While the Caribbean coast of the Yucatán experiences a large number of tropical storms and hurricanes, the storm tracks and therefore landfalls of these are divergent to both the north (Cancun) and the south (south of Tulum and down to Belize) striking generally outside the Riviera Maya.
Groundwater and therefore cenote water temperatures are 25 °C (77 °F) year round.
Coastal waters range from 26 °C (79 °F) in January to 29 °C (84 °F) in August.
The Riviera Maya is completely within the state of Quintana Roo on the Yucatán Peninsula of Mexico.
The terrain is flat and covered by low tropical jungle. The geology is high purity carbonates down to a depth of 0.5 – 1.5 km below the surface.
Mean annual rainfall is 1.5 m per year and the efficient infiltration results in the complete absence of any surface rivers. As is common in karst, underground river networks have formed by dissolution, and these have been explored and mapped by cave diving through sinkhole collapses locally called cenotes. The whole of the Yucatán Peninsula is underlain by a density stratified coastal aquifer system with a lens shaped fresh water body floating on top of intruding saline water. The formation of caves (speleogenesis) within this coastal carbonate aquifer is principally associated with carbonate dissolution at the fresh-saline water contact within the aquifer.

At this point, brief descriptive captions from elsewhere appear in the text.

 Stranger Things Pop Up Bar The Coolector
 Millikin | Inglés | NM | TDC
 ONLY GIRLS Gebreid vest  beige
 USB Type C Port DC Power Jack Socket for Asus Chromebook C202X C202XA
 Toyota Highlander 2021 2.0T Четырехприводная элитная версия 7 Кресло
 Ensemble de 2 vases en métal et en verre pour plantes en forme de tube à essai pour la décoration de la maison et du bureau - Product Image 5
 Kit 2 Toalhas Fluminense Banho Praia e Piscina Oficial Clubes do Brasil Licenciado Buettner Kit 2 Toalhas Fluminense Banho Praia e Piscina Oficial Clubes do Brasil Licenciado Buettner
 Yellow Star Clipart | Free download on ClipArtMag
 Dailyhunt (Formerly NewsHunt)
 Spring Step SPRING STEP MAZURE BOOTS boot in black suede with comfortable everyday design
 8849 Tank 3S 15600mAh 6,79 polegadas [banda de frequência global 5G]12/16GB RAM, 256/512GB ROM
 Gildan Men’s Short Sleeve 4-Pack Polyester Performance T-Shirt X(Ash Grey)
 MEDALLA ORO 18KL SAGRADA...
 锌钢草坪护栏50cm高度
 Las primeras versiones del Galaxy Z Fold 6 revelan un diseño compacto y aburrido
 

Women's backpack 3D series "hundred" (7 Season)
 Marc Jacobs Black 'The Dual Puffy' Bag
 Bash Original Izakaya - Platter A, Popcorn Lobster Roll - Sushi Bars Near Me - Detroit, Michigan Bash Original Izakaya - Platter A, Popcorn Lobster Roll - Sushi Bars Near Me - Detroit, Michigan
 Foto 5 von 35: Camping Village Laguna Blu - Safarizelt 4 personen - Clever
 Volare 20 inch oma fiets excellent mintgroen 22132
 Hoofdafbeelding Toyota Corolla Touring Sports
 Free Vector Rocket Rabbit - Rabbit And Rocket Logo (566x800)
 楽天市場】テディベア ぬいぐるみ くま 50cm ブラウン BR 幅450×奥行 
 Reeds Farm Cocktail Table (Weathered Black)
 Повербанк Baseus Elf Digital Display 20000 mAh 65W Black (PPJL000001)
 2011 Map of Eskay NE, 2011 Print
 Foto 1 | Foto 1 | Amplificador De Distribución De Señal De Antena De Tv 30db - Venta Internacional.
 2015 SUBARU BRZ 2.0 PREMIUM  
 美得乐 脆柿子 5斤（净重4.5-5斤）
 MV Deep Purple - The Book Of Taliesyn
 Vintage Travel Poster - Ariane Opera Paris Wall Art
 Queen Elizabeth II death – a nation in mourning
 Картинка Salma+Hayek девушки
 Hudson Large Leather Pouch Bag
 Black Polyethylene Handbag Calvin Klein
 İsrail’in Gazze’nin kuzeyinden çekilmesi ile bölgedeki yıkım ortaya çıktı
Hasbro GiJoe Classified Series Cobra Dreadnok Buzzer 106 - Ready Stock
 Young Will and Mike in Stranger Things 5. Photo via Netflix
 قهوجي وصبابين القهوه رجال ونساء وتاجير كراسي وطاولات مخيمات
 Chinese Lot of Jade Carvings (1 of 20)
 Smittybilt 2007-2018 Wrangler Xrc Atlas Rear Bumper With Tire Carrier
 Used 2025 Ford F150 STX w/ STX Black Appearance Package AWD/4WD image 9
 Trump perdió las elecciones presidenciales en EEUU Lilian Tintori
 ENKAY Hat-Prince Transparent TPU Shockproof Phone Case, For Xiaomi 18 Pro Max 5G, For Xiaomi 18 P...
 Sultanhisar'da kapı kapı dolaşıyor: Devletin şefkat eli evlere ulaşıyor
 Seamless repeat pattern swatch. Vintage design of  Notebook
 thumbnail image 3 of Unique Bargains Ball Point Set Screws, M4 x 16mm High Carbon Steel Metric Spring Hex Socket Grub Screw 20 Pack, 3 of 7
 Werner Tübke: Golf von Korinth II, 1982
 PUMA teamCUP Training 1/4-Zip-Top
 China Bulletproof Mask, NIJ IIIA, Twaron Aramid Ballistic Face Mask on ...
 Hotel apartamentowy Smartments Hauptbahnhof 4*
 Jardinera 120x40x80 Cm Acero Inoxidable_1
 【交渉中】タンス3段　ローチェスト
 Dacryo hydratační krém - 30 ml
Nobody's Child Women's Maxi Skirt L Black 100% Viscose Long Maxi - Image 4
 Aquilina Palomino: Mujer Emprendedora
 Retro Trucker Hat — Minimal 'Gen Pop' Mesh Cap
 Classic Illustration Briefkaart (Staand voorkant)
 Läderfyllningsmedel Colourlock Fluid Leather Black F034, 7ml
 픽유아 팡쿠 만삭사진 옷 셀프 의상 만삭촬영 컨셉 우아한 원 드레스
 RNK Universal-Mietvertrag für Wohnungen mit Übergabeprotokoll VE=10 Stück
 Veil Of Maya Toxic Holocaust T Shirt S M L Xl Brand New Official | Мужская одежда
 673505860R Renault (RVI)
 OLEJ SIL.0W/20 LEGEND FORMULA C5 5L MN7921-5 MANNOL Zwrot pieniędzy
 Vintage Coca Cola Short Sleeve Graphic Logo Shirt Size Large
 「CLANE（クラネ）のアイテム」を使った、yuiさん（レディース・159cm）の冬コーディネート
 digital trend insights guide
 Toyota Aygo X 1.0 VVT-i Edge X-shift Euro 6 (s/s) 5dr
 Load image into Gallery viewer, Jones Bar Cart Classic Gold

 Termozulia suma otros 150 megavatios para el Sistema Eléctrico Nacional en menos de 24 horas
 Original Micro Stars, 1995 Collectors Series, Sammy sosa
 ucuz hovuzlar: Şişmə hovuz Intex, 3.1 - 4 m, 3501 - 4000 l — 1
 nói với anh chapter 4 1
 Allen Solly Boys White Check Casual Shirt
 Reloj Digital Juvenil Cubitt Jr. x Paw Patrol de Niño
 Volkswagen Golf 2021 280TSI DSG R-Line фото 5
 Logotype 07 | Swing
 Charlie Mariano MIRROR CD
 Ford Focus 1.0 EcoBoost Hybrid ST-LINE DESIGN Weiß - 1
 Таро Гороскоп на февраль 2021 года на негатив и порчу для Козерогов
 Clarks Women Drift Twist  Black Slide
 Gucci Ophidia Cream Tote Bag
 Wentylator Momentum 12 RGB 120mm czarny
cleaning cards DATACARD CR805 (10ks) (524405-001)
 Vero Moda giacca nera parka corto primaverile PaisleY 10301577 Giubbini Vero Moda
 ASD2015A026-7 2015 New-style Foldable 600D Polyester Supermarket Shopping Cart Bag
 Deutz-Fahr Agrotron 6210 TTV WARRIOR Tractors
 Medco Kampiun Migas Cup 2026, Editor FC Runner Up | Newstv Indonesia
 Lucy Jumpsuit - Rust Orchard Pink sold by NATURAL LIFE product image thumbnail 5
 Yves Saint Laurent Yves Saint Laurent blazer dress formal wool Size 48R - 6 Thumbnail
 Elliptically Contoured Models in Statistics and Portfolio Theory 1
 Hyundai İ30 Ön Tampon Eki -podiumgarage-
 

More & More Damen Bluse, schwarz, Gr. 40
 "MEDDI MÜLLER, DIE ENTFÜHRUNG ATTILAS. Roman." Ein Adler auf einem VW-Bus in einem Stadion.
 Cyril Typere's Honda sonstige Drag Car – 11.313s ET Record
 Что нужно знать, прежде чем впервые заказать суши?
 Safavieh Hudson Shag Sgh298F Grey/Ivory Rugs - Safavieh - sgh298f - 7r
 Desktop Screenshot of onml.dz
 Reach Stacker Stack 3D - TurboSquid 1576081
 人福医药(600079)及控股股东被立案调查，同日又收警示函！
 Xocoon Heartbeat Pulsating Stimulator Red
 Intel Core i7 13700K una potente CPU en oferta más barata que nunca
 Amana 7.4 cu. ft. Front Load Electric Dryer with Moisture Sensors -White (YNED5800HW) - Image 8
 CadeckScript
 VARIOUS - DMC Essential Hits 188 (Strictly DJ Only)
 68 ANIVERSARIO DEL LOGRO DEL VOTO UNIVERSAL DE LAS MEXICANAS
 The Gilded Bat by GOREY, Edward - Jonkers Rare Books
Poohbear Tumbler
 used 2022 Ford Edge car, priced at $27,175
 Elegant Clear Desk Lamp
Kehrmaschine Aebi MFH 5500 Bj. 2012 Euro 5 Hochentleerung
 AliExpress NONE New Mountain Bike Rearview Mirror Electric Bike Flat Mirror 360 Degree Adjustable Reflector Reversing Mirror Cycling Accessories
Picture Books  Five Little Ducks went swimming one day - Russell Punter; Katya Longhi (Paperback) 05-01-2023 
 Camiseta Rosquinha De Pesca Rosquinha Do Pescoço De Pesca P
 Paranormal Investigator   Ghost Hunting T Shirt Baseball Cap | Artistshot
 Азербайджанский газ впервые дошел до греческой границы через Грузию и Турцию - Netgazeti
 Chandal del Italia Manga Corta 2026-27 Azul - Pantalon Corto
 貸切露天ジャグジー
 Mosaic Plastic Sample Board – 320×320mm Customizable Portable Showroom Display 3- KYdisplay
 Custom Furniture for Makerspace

By 2008, the Quintana Roo Speleological Society (QRSS) reported more than 700 kilometres (430 mi) of flooded cave passages within the limits of the Riviera Maya including the two longest underwater cave systems in the world of Sac Actun and Ox Bel Ha. These groundwater resources, accessed via the thousands of cenotes throughout the landscape, once supported the Maya civilizations and today remain the only natural sources of potable water in the area.
The Caribbean coastline is a series of crescent shaped white sand beaches interrupted every 1 – 10 km by rocky headlands and inlets, called caletas, through which groundwater discharges into the coastal water. Large sections of the extensive mangrove swamps that lie behind the beaches and headlands are included in the areas scheduled for tourism development.
Most tourists to the Riviera Maya arrive through Cancún International Airport, approximately 50 km (31 mi) north of Playa del Carmen.
About 20 kilometres (12 mi) north of Tulum, a new international airport was announced. In March 2011, the bidding for construction contracts was to be concluded.
As of April 2014, all projects related with the Tulum Airport are no longer available through official sites. The high speed trans-peninsula train is now the main project for the area.